Data::HanConvert - The data for converting between traditional and simplified Chinese languages.
This distribution does not contain code but data to be used by other programs. They are split into 4 modules that needs to be seperately required.
use Data::HanConvert::cn2tw; use Data::HanConvert::cn2tw_characters; use Data::HanConvert::tw2cn; use Data::HanConvert::tw2cn_characters;
Once required, these corresponding hashref are available:
$Data::HanConvert::cn2tw $Data::HanConvert::cn2tw_characters $Data::HanConvert::tw2cn $Data::HanConvert::tw2cn_characters
The one named with "_characters" suffix contains only character-to-character mapping, while the other contains only phrase-to-phrase mapping. The mapping are split into different files because they are significantly larger and may not be required depending on the scenario of use.
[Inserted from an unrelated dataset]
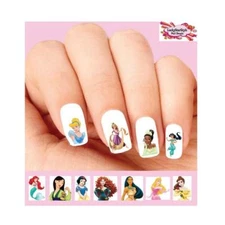 Waterslide Nail Decals Set of 20 - Disney Princesses Cinderella, Tiana Assorted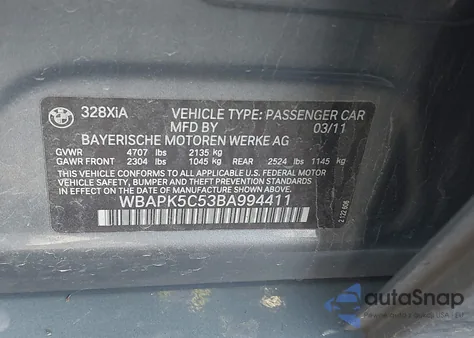 2011 BMW 328I xDrive z USA, uszkodzony, nr VIN WBAPK5C53BA994411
Notice that this data set is for conversion purposes. The phrases dataset are not necessarily containing only valid dictionary phrases, but may contain random long-ngrams solely for disambiguation purposes. Users are encourged to review the data set before using this data for other purposes.
The origial data collection work from Encode::HanConvert
The php builder
src/hanconvert.txt，每一列代表一項的對應，必需有兩欄。第一欄為正體中文，第 二欄位簡體中文。欄位以至少一個空白 (SPC, 0x20) 或跳格 (TAB, 0x09) 分隔。
# 字符為起首，則該列的內容也會被忽略，不計為對照表內容。編修者可利用 以此方式在檔案中加入註解。
hanconvert.txt 應可以容許單一詞出現多重對應， 撰寫處理程式時應理解此點，並依情境所需選擇適當的處理方式。
如果需要編修權限，請將 github 帳號告知 @gugod 。
This work is CC0.
To the extent possible under law, Kang-min Liu has waived all copyright and related or neighboring rights to Data::HanConvert. This work is published from: Taiwan.